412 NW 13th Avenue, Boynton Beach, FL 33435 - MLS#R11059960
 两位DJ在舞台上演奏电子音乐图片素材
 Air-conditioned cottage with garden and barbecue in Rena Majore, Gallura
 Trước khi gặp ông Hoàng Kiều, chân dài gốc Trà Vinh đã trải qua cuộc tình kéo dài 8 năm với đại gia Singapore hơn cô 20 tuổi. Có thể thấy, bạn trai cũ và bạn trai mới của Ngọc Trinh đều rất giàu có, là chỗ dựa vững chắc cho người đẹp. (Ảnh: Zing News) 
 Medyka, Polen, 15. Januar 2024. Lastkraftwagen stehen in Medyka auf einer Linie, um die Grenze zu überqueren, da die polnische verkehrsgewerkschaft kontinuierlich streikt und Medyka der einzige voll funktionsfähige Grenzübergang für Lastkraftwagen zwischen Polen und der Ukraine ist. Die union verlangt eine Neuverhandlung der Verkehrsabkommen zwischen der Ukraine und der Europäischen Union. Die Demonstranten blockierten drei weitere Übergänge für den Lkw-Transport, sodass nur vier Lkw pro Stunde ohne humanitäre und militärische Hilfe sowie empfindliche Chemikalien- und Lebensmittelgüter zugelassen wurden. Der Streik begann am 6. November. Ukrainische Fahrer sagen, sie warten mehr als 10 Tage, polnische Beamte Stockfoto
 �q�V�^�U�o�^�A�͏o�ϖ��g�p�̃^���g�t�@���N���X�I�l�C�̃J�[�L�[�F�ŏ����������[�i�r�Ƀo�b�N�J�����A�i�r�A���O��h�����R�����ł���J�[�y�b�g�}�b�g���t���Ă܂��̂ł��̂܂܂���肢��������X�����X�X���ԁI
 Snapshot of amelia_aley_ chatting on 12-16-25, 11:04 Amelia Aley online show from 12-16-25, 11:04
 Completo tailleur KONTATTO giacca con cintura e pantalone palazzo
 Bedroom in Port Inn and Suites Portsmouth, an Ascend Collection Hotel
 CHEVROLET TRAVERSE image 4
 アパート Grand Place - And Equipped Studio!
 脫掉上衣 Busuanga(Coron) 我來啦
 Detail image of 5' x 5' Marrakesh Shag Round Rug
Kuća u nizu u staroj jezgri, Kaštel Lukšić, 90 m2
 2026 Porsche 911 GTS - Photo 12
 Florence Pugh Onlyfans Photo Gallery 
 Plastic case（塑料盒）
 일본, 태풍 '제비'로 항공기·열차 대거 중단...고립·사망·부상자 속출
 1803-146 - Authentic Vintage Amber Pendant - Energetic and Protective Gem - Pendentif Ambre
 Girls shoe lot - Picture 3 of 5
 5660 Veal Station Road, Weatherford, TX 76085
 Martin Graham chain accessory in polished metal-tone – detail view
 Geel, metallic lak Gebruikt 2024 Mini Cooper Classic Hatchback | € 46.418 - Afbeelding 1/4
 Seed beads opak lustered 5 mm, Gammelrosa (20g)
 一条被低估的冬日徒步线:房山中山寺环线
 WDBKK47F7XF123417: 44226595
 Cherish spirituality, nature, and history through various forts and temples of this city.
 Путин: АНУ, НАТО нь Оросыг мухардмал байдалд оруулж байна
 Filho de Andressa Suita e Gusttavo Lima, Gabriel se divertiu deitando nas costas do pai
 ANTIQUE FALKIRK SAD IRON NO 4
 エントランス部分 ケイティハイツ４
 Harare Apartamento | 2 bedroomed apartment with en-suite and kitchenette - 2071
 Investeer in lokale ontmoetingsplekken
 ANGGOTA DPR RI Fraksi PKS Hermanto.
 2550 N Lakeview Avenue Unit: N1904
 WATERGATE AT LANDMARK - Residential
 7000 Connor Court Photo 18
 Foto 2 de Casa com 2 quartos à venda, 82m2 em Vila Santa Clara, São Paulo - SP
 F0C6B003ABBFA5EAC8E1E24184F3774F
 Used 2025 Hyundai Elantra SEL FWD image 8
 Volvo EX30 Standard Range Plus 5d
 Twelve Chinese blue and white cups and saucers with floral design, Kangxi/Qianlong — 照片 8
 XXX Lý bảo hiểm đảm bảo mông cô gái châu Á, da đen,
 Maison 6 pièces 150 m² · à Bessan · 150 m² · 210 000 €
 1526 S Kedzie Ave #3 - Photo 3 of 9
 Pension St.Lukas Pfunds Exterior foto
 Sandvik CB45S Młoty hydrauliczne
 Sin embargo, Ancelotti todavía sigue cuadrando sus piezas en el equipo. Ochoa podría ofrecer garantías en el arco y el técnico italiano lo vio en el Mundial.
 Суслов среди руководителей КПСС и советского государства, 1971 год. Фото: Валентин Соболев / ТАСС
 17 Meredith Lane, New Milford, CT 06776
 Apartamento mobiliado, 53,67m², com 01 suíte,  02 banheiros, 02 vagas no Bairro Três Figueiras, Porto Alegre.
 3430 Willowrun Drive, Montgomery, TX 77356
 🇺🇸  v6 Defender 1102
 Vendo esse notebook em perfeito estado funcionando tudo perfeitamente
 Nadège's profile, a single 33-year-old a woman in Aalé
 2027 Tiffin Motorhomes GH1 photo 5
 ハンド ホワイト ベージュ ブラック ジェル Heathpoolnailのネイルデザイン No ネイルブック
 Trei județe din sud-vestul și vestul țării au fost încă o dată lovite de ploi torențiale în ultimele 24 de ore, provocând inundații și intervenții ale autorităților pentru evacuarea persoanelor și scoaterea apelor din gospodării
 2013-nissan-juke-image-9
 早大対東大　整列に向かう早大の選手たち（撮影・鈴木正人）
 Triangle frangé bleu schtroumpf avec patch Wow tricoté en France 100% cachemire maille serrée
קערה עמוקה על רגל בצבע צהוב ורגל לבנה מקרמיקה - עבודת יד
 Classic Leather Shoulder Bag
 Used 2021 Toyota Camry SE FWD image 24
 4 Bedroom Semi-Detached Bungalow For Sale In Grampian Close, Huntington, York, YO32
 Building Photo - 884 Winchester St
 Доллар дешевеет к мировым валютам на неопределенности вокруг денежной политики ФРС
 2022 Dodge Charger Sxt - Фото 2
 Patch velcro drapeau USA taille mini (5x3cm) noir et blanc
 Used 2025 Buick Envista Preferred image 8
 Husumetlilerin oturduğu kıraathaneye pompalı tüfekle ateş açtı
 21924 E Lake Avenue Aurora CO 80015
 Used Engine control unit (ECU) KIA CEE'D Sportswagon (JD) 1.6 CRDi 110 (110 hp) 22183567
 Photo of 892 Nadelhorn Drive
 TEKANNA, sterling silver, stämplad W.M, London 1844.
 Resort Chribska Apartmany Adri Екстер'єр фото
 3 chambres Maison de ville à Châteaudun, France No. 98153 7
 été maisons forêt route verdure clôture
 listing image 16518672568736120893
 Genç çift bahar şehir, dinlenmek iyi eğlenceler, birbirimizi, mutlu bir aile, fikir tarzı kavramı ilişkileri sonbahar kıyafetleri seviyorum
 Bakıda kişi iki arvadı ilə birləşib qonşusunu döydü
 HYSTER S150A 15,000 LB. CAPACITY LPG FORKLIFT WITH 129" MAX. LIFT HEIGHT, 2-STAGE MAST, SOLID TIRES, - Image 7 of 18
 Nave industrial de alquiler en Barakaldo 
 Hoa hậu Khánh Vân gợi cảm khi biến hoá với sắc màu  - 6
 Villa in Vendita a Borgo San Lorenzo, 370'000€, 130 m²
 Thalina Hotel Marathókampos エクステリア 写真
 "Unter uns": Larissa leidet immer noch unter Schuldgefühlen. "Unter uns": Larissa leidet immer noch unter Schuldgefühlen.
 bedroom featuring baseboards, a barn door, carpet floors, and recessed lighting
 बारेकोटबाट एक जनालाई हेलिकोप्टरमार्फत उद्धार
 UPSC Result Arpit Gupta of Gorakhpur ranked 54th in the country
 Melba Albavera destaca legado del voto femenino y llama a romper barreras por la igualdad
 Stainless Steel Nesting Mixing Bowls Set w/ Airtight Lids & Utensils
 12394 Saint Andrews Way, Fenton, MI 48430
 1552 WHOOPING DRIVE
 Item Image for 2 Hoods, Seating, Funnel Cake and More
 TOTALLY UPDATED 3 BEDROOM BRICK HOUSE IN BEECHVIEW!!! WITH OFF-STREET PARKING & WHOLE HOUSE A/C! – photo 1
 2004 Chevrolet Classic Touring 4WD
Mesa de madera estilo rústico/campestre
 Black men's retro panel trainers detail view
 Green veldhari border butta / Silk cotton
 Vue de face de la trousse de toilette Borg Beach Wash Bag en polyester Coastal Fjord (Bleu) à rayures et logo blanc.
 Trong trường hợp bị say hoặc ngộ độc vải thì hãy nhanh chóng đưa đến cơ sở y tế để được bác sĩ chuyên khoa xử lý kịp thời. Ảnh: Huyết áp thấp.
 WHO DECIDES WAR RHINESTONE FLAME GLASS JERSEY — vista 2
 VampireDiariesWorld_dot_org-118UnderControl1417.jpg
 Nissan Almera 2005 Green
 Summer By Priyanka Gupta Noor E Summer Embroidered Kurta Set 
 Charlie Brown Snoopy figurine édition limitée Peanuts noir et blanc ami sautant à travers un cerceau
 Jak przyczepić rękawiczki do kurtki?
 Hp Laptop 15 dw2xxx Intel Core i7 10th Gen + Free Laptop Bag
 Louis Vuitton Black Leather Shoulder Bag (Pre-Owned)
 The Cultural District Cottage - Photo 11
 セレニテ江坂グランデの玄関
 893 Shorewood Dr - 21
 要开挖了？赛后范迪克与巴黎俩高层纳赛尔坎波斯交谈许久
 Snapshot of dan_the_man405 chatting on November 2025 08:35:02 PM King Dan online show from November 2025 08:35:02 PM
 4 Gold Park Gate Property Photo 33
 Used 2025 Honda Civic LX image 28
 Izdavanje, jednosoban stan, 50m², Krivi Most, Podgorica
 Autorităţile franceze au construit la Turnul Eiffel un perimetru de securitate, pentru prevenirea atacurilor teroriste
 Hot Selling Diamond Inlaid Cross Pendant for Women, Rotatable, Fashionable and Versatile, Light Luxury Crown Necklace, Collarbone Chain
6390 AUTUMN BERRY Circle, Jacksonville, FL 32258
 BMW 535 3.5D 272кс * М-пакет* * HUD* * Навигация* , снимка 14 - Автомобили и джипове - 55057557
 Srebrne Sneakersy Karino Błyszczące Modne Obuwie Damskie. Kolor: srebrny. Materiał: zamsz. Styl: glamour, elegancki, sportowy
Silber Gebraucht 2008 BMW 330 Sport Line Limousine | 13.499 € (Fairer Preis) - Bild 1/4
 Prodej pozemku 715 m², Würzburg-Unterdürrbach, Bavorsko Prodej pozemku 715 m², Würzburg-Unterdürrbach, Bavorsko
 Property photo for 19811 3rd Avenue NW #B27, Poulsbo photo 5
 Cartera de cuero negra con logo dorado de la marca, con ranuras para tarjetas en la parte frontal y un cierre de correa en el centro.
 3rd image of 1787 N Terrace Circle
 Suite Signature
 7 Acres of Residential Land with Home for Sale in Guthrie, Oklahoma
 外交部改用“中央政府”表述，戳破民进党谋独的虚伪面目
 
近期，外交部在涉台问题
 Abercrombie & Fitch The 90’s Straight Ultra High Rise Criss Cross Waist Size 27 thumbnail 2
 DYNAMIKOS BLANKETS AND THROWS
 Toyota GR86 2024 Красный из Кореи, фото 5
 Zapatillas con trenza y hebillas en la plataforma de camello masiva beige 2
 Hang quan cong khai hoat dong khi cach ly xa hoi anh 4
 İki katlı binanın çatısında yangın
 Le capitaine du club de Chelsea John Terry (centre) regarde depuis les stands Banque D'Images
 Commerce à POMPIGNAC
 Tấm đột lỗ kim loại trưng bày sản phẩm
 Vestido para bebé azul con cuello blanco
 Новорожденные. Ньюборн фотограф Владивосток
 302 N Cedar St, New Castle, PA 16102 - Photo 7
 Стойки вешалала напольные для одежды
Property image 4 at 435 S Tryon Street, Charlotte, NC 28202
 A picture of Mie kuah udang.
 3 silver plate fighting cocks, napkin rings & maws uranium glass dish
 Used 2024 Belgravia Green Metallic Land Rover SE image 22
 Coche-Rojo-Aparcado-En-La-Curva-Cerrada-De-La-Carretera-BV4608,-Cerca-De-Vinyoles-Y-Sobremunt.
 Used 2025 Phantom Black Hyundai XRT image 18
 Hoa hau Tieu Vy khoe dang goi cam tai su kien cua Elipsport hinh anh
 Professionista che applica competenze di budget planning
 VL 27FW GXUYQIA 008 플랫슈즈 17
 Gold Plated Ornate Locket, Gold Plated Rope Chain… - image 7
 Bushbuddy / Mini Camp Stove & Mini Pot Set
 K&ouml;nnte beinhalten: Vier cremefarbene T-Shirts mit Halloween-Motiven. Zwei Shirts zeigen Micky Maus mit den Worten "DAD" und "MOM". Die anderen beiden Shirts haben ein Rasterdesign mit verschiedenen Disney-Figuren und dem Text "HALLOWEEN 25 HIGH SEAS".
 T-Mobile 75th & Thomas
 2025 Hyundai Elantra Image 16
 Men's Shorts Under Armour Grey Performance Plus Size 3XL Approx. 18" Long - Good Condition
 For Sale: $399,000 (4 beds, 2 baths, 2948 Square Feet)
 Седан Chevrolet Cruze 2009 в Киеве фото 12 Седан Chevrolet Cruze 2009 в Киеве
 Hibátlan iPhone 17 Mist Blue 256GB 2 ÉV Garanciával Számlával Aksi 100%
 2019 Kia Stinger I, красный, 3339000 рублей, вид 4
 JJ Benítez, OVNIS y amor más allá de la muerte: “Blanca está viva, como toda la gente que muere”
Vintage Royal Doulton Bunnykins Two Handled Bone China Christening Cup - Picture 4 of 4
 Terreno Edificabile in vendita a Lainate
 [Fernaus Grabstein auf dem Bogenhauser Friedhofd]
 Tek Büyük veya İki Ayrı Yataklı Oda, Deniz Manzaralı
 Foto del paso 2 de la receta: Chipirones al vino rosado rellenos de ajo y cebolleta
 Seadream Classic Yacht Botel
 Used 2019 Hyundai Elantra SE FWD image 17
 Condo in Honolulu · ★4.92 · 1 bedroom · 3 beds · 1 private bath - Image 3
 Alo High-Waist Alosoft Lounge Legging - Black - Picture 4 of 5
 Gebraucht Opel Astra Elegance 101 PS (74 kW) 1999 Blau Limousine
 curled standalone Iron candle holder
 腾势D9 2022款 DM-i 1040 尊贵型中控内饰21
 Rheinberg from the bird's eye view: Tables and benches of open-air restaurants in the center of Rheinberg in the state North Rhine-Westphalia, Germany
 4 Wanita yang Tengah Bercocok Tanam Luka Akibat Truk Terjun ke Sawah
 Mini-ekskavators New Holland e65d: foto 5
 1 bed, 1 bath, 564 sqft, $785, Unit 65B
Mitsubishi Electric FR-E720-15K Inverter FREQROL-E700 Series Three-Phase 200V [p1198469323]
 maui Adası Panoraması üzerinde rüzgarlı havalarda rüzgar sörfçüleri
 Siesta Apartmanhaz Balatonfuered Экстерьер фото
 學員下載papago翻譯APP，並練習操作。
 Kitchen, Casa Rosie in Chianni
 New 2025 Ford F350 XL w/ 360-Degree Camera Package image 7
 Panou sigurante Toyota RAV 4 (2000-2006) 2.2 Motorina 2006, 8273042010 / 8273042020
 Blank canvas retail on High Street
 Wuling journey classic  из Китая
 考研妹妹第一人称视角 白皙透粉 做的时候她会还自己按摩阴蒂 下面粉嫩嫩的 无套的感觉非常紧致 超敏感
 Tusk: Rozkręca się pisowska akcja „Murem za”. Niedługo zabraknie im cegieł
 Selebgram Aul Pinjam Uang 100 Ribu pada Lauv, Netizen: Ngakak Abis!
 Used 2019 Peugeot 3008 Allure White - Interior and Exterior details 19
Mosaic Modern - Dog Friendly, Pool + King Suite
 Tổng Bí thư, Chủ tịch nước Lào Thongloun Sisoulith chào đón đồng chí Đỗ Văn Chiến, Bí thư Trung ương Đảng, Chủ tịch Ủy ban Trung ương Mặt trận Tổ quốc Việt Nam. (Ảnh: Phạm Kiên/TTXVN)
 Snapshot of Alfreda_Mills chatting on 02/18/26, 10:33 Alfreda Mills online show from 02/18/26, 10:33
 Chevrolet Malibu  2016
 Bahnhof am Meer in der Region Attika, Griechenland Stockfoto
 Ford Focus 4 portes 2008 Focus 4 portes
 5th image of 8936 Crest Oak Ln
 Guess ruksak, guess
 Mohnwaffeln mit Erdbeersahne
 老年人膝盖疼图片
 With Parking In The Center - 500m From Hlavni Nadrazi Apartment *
============
Task:
Using the records above, restate word for word the lines from the one with "Hang quan cong" through the one with "Terreno Edificabile in vendita a Lainate", both included.

Solution to the exercise:
 Hang quan cong khai hoat dong khi cach ly xa hoi anh 4
 İki katlı binanın çatısında yangın
 Le capitaine du club de Chelsea John Terry (centre) regarde depuis les stands Banque D'Images
 Commerce à POMPIGNAC
 Tấm đột lỗ kim loại trưng bày sản phẩm
 Vestido para bebé azul con cuello blanco
 Новорожденные. Ньюборн фотограф Владивосток
 302 N Cedar St, New Castle, PA 16102 - Photo 7
 Стойки вешалала напольные для одежды
Property image 4 at 435 S Tryon Street, Charlotte, NC 28202
 A picture of Mie kuah udang.
 3 silver plate fighting cocks, napkin rings & maws uranium glass dish
 Used 2024 Belgravia Green Metallic Land Rover SE image 22
 Coche-Rojo-Aparcado-En-La-Curva-Cerrada-De-La-Carretera-BV4608,-Cerca-De-Vinyoles-Y-Sobremunt.
 Used 2025 Phantom Black Hyundai XRT image 18
 Hoa hau Tieu Vy khoe dang goi cam tai su kien cua Elipsport hinh anh
 Professionista che applica competenze di budget planning
 VL 27FW GXUYQIA 008 플랫슈즈 17
 Gold Plated Ornate Locket, Gold Plated Rope Chain… - image 7
 Bushbuddy / Mini Camp Stove & Mini Pot Set
 K&ouml;nnte beinhalten: Vier cremefarbene T-Shirts mit Halloween-Motiven. Zwei Shirts zeigen Micky Maus mit den Worten "DAD" und "MOM". Die anderen beiden Shirts haben ein Rasterdesign mit verschiedenen Disney-Figuren und dem Text "HALLOWEEN 25 HIGH SEAS".
 T-Mobile 75th & Thomas
 2025 Hyundai Elantra Image 16
 Men's Shorts Under Armour Grey Performance Plus Size 3XL Approx. 18" Long - Good Condition
 For Sale: $399,000 (4 beds, 2 baths, 2948 Square Feet)
 Седан Chevrolet Cruze 2009 в Киеве фото 12 Седан Chevrolet Cruze 2009 в Киеве
 Hibátlan iPhone 17 Mist Blue 256GB 2 ÉV Garanciával Számlával Aksi 100%
 2019 Kia Stinger I, красный, 3339000 рублей, вид 4
 JJ Benítez, OVNIS y amor más allá de la muerte: “Blanca está viva, como toda la gente que muere”
Vintage Royal Doulton Bunnykins Two Handled Bone China Christening Cup - Picture 4 of 4
 Terreno Edificabile in vendita a Lainate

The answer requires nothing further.